Monday, May 30, 2011

It's all about food

My husband just informed me it's been a week since I blogged, so what have I been doing? Mostly I've been busy with final edits on the book, tweaking sentences, writing captions for photos, and double-checking the bibliography.

We've been getting a ridiculous amount of rain lately, so the yard, pastures, and garden are all soggy. Only about 20 percent of the garden is planted -- sweet potatoes, onions, beans, strawberries, rhubarb, and asparagus. I have 50 heirloom tomato and 60 pepper plants sitting around waiting to be transplanted. It is really not a big deal that they're a bit late getting into the garden because they won't start producing anyway until it gets hot enough, which means early August most years. One year I planted tomatoes at the end of June, and they produced fine. We are still harvesting more than enough lettuce, which was planted last fall in low tunnels. We removed the tunnels in April.

Because I've been so busy, we actually ran out of chevré! I can't remember the last time we had no chevré in the house in May -- maybe 2002? Anyway, I'm making chevré today!

Lately we've been talking about how excited we used to be when we had a single meal that was homegrown, but now almost all of our meals are homegrown, even through the winter. It's a pretty surprising accomplishment for someone who was a vegetarian with a brown thumb nine years ago. Tonight's dinner will be salad, grilled lamb chops, corn on the cob, and ice cream. Last night's dinner was queso blanco with pasta and marinara sauce. Saturday's lunch was quiche. We've actually been having a lot of quiches lately. Today's lunch was an odd one -- corn fritters and smoothies -- because no one thought about cooking until we were all starving, and it was after noon.

We're about to open our last jar of canned pears, and we're running low on frozen raspberries. There are only two packages of frozen green beans left, although we still have a lot of corn in the freezer. The chickens are laying a few dozen eggs a day, and if we milk all the goats, we can get seven gallons of milk a day for making buttermilk, yogurt, and cheese, as well as ice cream and cream soups and other good stuff.

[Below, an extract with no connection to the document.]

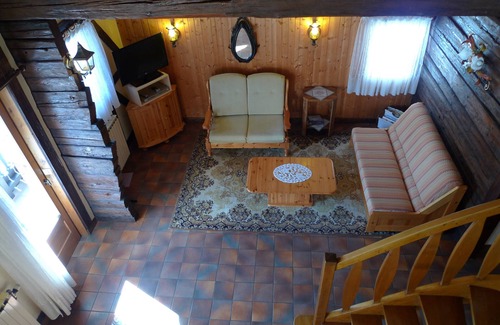 Les Villards-sur-Thones Apartment | For 4P, a 3-star 83m2 dwelling, at the price of 1 bed and breakfast.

And with the garden, the cycle starts again. As we are running out of fruits and vegetables, it's time to plant and nurture and harvest to put up food to last for the next winter. Why do we keep doing this? As my daughter said this morning, "Once you get used to homegrown, you just can't find anything in the store that tastes as good."

4 comments:

Tidy Brown Wren said...

I totally agree, home grown tastes better than anything in a store. We barely got out of the garden with the sugar snap peas this evening before dinner. We kept munching on them while picking them!

Amy Dingmann said...

I'm with your daughter. Its hard to go out and eat at anyone else's house when you get used to eating homemade everything at your own. My kids have named us "food snobs". I'll take it. :)

judy said...

My mouth is just watering for all that home-made stuff.I make most of our meals from scratch [ and most of the time that would be for 11 people] but I don't have the home grown---BIG DIFFERANCE

Kiote Agorist said...

I had my first harvest of strawberries today. SO GOOD. I had a hard time not just wandering around outside today doing nothing but eating strawberries.